噂には聞いていたのですが僕の大好きなアレンジャーの一人大村雅朗氏が他界されたとのこと。そこで彼の作品の中から石川優子の6thシングル「Kiss me すうぃ~と」をご紹介します(オリコン最高位57位、売上2.5万枚)

この曲は彼女の大変身の一曲で、歌詞・サウンド共にそれまでの朗らかさわやか路線とは違いアダルトでロックな楽曲です。そしてここまでイメチェンしたのは後にも先にもこの曲だけでした。

作詞は「オリーブの栞」、「想い出のスクリーン」の三浦徳子。たまたま彼が忘れていった手帳のアドレスにある女性の名前を見て、悪い想像しては嫉妬する女心を歌っています。シンプルな言葉を遣っているのですが結構情念こもっています。

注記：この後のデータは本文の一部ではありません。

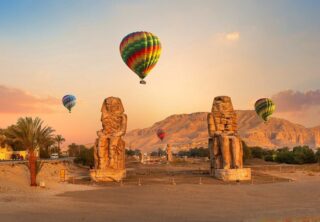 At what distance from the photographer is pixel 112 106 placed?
2612cm

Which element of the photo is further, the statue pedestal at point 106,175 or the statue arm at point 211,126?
the statue arm at point 211,126

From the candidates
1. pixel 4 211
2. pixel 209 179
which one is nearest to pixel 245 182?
pixel 209 179

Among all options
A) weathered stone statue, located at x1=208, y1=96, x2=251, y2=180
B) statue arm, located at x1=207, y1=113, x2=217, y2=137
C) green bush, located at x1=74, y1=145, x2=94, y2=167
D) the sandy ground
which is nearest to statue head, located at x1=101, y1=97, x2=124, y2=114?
the sandy ground

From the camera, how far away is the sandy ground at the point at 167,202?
11.4 meters

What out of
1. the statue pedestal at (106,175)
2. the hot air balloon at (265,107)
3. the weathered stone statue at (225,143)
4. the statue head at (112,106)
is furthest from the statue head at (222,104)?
the hot air balloon at (265,107)

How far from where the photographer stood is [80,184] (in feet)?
76.6

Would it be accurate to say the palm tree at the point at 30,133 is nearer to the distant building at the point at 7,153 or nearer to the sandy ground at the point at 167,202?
the sandy ground at the point at 167,202

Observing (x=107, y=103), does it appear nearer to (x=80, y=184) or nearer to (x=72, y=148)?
(x=80, y=184)

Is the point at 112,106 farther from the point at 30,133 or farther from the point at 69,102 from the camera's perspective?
the point at 69,102

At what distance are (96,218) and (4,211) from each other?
2.87 m

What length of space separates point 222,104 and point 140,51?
28.3 ft

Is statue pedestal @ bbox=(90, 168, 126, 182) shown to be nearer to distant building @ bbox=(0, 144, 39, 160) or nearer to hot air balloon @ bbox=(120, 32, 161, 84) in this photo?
hot air balloon @ bbox=(120, 32, 161, 84)

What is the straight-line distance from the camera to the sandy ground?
1143 cm

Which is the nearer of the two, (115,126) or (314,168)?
(115,126) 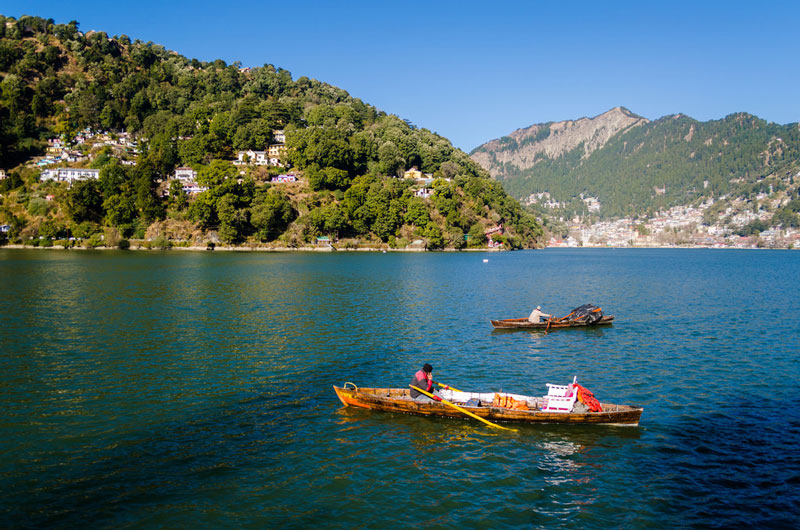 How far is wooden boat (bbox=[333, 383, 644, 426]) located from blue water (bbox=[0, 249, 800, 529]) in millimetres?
486

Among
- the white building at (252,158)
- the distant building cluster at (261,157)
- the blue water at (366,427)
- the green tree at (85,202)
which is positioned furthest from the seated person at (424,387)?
the white building at (252,158)

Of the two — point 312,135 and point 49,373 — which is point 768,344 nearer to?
point 49,373

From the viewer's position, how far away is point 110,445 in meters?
A: 17.7

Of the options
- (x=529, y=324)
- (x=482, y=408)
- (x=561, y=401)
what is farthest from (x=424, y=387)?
(x=529, y=324)

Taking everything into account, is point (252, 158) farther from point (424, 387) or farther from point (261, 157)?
point (424, 387)

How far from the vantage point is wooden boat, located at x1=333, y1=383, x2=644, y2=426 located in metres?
19.7

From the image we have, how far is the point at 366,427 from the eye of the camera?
65.9 ft

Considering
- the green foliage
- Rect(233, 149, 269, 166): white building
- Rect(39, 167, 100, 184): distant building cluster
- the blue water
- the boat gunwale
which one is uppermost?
Rect(233, 149, 269, 166): white building

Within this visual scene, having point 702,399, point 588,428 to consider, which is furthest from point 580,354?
point 588,428

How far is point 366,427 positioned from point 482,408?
4920 millimetres

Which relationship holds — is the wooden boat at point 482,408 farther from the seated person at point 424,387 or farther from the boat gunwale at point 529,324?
the boat gunwale at point 529,324

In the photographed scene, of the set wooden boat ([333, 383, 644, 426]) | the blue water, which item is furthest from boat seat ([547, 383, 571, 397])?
the blue water

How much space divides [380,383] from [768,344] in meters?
29.6

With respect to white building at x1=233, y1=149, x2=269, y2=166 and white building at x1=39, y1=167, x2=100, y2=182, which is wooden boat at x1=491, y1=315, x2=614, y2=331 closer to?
white building at x1=233, y1=149, x2=269, y2=166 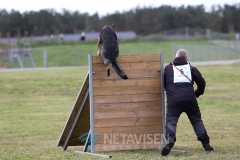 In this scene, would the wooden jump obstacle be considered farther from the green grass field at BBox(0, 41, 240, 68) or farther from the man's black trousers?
the green grass field at BBox(0, 41, 240, 68)

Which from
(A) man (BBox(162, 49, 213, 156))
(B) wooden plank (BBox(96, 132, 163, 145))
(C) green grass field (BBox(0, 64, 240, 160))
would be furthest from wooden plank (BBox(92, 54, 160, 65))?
(C) green grass field (BBox(0, 64, 240, 160))

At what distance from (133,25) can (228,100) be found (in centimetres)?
7249

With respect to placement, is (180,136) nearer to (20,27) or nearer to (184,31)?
(20,27)

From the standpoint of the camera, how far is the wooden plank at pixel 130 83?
8.43m

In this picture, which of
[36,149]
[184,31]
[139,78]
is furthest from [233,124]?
[184,31]

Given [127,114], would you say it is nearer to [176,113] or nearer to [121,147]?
[121,147]

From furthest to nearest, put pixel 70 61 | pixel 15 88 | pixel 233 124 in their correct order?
pixel 70 61
pixel 15 88
pixel 233 124

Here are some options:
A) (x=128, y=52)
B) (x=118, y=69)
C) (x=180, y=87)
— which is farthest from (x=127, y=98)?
(x=128, y=52)

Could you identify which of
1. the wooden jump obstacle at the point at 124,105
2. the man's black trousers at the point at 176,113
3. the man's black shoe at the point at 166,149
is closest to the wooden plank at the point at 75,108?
the wooden jump obstacle at the point at 124,105

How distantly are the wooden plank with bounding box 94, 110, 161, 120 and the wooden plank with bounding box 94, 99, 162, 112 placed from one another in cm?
5

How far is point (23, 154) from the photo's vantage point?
8.71 metres

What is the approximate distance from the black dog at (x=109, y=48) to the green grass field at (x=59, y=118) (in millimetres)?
1462

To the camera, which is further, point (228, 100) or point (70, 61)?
point (70, 61)

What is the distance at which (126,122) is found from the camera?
336 inches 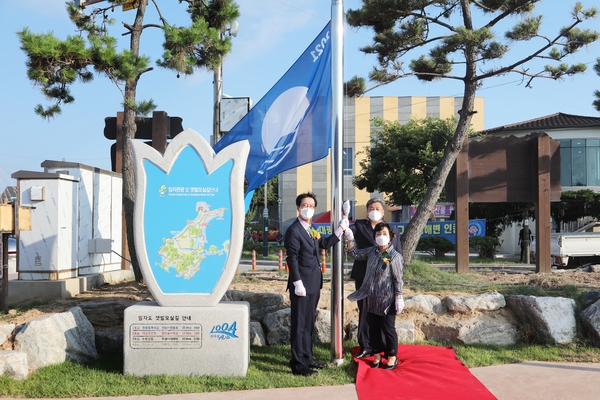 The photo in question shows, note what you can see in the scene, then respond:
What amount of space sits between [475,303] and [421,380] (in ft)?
6.92

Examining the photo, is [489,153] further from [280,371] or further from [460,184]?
[280,371]

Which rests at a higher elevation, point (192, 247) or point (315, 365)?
point (192, 247)

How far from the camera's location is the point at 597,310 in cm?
643

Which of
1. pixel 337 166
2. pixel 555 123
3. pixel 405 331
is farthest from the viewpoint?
pixel 555 123

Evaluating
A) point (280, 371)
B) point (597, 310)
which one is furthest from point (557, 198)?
point (280, 371)

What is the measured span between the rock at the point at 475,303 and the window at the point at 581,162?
81.5 ft

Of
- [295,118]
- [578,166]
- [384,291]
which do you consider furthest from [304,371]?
[578,166]

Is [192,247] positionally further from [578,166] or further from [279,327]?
[578,166]

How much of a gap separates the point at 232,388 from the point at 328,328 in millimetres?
1909

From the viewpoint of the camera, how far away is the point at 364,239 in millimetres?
6211

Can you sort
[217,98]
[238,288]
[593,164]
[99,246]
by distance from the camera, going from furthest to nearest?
[593,164], [217,98], [99,246], [238,288]

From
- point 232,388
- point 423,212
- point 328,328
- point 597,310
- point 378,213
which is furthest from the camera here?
point 423,212

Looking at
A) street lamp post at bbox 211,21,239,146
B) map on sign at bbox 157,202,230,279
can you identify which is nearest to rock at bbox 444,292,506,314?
map on sign at bbox 157,202,230,279

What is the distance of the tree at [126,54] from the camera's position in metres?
7.38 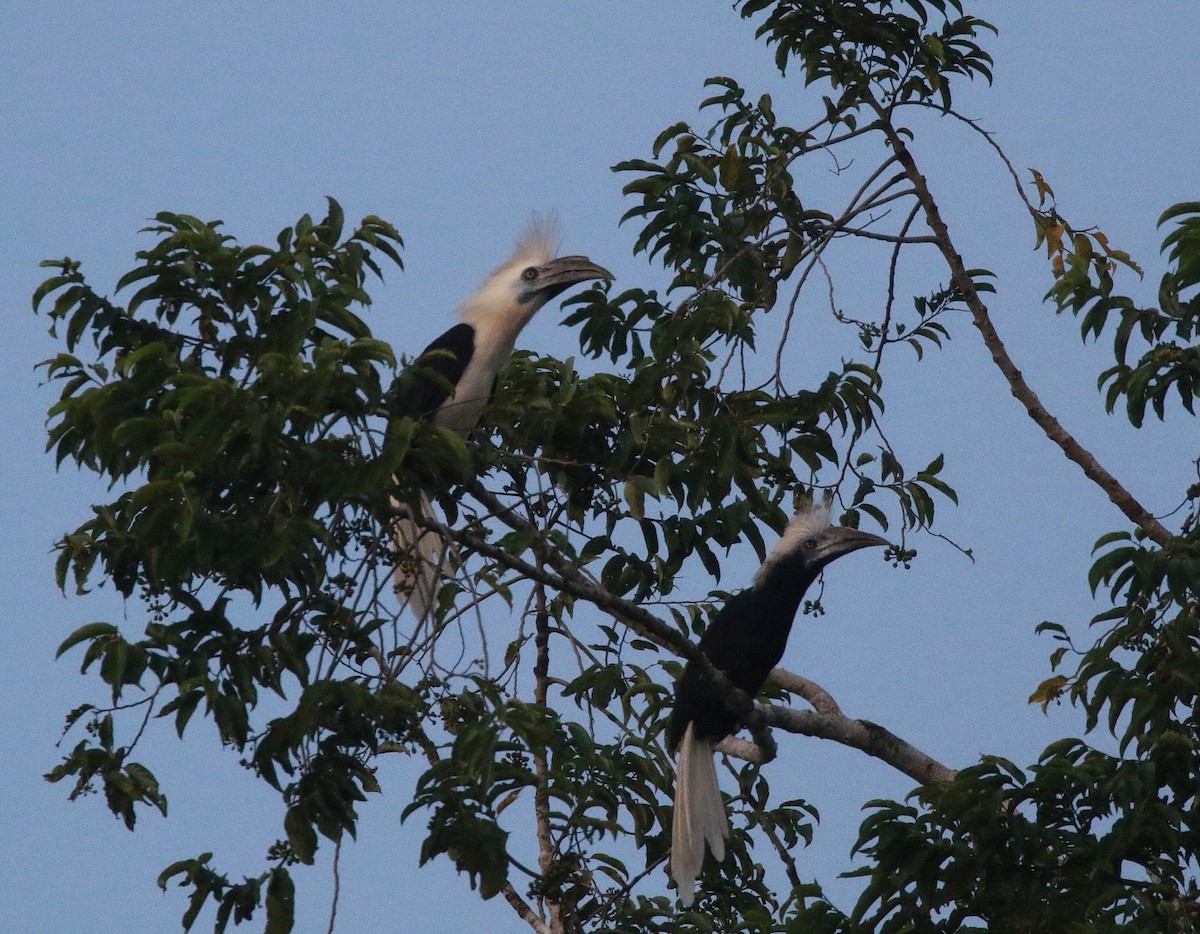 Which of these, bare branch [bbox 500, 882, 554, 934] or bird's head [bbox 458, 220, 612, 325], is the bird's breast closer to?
bird's head [bbox 458, 220, 612, 325]

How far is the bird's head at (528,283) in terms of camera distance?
5.86 meters

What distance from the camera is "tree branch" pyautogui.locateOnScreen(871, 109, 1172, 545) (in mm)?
4379

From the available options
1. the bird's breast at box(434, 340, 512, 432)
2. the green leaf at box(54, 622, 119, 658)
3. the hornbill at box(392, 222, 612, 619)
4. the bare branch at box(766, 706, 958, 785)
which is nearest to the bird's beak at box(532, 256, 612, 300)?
the hornbill at box(392, 222, 612, 619)

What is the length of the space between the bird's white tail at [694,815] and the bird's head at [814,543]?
0.67 meters

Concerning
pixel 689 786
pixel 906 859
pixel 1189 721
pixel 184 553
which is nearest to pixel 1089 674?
pixel 1189 721

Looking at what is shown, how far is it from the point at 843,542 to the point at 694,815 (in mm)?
1101

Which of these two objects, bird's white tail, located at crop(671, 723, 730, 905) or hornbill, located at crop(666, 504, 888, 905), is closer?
bird's white tail, located at crop(671, 723, 730, 905)

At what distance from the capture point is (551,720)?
3.68m

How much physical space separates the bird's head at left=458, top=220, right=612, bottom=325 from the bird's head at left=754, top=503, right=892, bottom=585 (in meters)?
1.23

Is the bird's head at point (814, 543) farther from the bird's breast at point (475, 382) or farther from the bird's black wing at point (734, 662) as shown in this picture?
the bird's breast at point (475, 382)

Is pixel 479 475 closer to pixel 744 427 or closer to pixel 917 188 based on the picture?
pixel 744 427

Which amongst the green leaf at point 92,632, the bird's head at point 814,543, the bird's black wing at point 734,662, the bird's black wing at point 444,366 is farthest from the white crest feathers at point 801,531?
the green leaf at point 92,632

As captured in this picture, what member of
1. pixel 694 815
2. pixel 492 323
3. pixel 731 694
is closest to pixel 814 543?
pixel 731 694

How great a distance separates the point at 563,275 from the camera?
5.93m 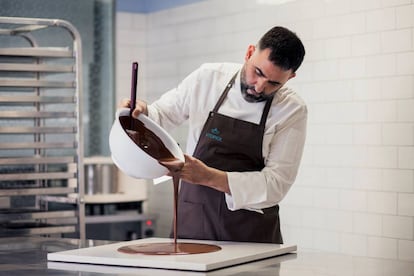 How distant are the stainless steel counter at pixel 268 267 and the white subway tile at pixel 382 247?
1819 millimetres

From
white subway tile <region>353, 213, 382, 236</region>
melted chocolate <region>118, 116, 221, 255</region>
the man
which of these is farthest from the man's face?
white subway tile <region>353, 213, 382, 236</region>

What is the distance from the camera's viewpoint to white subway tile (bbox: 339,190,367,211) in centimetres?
470

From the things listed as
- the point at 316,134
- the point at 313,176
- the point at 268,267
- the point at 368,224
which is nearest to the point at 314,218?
the point at 313,176

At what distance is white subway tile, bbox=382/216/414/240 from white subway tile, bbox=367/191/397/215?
1.7 inches

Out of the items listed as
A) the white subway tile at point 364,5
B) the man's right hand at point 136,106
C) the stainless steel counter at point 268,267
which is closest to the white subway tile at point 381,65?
the white subway tile at point 364,5

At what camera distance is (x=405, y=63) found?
445 centimetres

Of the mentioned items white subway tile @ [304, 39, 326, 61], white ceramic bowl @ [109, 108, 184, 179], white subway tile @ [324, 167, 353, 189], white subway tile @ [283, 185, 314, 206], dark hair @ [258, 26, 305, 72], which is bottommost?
white subway tile @ [283, 185, 314, 206]

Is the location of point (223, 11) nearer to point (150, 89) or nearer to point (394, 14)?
point (150, 89)

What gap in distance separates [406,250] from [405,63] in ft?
3.54

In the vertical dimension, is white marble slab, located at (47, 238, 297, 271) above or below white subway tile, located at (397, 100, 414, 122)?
below

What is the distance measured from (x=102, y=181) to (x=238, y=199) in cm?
262

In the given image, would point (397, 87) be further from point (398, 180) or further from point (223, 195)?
point (223, 195)

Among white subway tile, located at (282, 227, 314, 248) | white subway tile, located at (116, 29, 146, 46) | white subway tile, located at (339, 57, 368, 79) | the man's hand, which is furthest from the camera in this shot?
white subway tile, located at (116, 29, 146, 46)

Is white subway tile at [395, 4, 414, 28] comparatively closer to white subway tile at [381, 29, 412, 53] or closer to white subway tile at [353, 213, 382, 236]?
white subway tile at [381, 29, 412, 53] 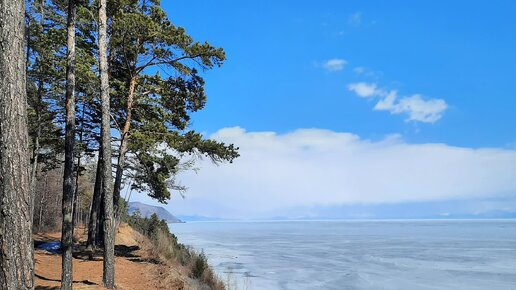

デビュー当時のシングルには見られない、憧れでも綺麗な思い出でもない“現実的な恋愛感情”に大人の色香が漂います。

作・編曲は大村雅朗。彼が作・編曲を手掛けた物には彼女の5th.シングル「素敵なモーニング」、「SWEET MEMORIES」があります。イントロとAメロの最初だけがマイナーで始まりますが結局はメジャー。構成はA-A”-B-B”-C-Dで割とシンメトリーな覚え易いメロディーです。

アレンジは彼お得意のギターをフューチャーしたサウンドで、ヘビーギターがスリリングにBEATを刻みベースが気持ち良く8分音符で弾けます。リズム隊もキマッテいてGood!。でも雰囲気が何かに似てるな~と考えていたらユーミンの「DESTINY」でした。

ボーカルも大変身。安心YAMAHA印の人ですが、突き放すような歌い方で語尾もかなりストレート。音程に不安感を与えるビブラートを掛けすぎる傾向がこの曲では影を潜めています。
声質もあどけない少女からレディーに成長しており、またサビの英語の部分ではエフェクト処理でリバーブが掛かりますが、♪Kiss me!と溜め息交じりでセクシーに迫ります。ジャケ写も笑っていません。ルックスも中々だと思いますが YAMAHAの持つアイドルに成り切れない中途半端さが何処となくあります。

「シンデレラサマー」「ふたりの愛ランド」とJAL沖縄キャンペーン物でヒットを飛ばしましたが、賞レース同期の杏里や竹内まりや比べ、彼女の持つ日本的な湿度感がイマイチ化けられなかった理由でしょうか?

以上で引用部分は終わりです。